Neben der Rückspulfunktion ist ein weiterer Unterschied zu Twitch.tv, dass die Videos schon während des Streams auf Urheberrechtsverletzungen gescannt werden. Bei Twitch.tv hingegen werden ausschließlich bereits archivierte Videos überprüft.

Wenn im Laufe des Streams bei YouTube Games beispielsweise urheberrechtlich geschützte Musik läuft, wird der Streamer gewarnt.
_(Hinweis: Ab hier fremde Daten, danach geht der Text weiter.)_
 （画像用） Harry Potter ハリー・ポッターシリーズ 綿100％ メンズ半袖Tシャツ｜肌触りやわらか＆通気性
Reagiert er nicht auf die Warnung, wird der Stream unterbrochen.

Wie und warum lässt sich mit dem neuen Portal Geld verdienen?

Geld verdienen mit YouTube Gaming funktioniert im Grunde genauso wie mit normalen YouTube-Videos. Je mehr Viewer und Abonnenten, desto eher wird Werbung geschaltet und desto mehr Einnahmen macht der Gamer. Der Vorteil von Streams: Da diese meist länger sind als konventionelle YouTube-Videos, lässt sich auch beispielsweise zwischendurch mehr Werbung schalten.

Das große "Aber": Aufgrund von Rechtsproblemen gibt es zunächst keine Streams in Deutschland

In Deutschland gibt es den Rundfunkstaatsvertrag, nach dem Live-Formate mit mehr als 500 Zuschauer eine Sendelizenz benötigen – und das gilt eben auch für Liveformate aus dem Internet. Diese Hürde macht das Starten von Streams hierzulande bis auf weiteres unmöglich. Zwar hatte Twitch.tv bislang noch keine rechlichen Probleme aufgrund der Sendelizenz; das liegt aber wohl mehr daran, dass Livestreams zurzeit unter deutschen Gamern noch nicht ausschweifend genutzt werden.

Folglich sind Livestreams über YouTube Gaming in Deutschland zurzeit noch nicht zugänglich, was die Attraktivität des Portals wahrscheinlich sowohl für Zuschauer als auch für YouTuber stark vermindern wird.

Als Fazit lässt sich zusammenfassen, dass das neue Gamingportal einige nennenswerte neue Funktionen hat, es jedoch, solange die Rechtslage in Deutschland noch nicht geklärt ist, als potentielle Quelle für einen Nebenverdienst nur schwerlich einzusetzen ist.